It seems that these "firsts" extend well beyond me. Barack Obama made history in Iowa as the first African-American presidential candidate to carry the Iowa caucus, or any caucus or primary for that matter. He's well on his way to making history as the nominee for the Democratic party and the first African-American President of the United States.
I'd been passively watching the debates and all the stumping, ad nauseum, of the past year. I told myself I'd pay attention later, maybe in the summer, when I voted in the primary. Then I got a phone call from the Democratic party, asking if I knew about the upcoming caucus and how it worked. I did and I didn't. I said, "Yes but I'm voting in the primary."
Imagine my shock when she answered, "There is no primary in Nevada this time. We are an early caucus state. This is the only time your voice will be heard before the general election in November." That woke me up.
I grabbed my latest copy of Newsweek and some of the local papers stacked up in the garage, hit the Internet, and educated myself on the Presidential Race. I looked at voting records and issue comparison sites, hoping that the pieces would fall neatly into place.

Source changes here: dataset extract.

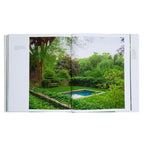 A Moment in Time: Designing a Country Garden By Kathryn Herman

They did. Barack Obama's name kept coming up (along with Dennis Kucinich) when I took the polls or looked at the candidates views side by side. End the war in Iraq within a safe and reasonable time period - check. War, in general, is a bad idea - check. Health care for everyone - check, Common sense education reform - check. Practical leadership experience - check.
Now I got excited and went to my local campaign office to volunteer. Three hours in the stuffy, cramped office and I knew I'd found my political family. As I looked around the phone banks at my neighbors diligently making calls, I noticed something amazing - the America I always believed existed, so different from the image pushed on us by the media. There were young people, college students, retirees, mothers (me with my three year old wandering around the office), white, African-American, Latino. Every walk of life was represented.
I found out about a rally at a neighborhood school and scrambled to get tickets and attend. I had to see for myself if this man and the feelings he ignites are for real. My twelve-year-old son went with me. We stood in line with close to 4,000 people for over an hour, hoping to get inside the gym. Daniel and I made it but just barely. We made out way with the last 100 or so into the few remaining seats at the top of the bleachers.
You know that line from the movie Jerry McGuire..."You had me at hello." Well, he had me. This was different. He did what I would have done - what I would have wanted someone to do for me. Now that's cool.
Before long he opened the floor to questions and I was privileged to ask the last question of the night. I wanted to know his views on the Military Commissions Act of 2006. I got the answer I'd hoped for. Turn back and amend the act, restore the writ of habeas corpus, repeal unconstitutional executive powers. I could go on and on but in my excitement that's all I remember well enough to quote.
The two things that made me happiest - He talked about empathy and understanding, walking in the other guys shoes as a powerful negotiation tactic as well as a life philosophy. That is what I experienced in his campaign office as the staffers played with and put my little boy to work. No one pushed him away or told me not to bring my child. He was included. They were empathetic.
He talked about transparency in government, putting health care negotiations and round table discussions on C-SPAN.
And finally, "No one will be reading your emails or wiretapping your phones or looking at what books you checked out of the library when I am your president."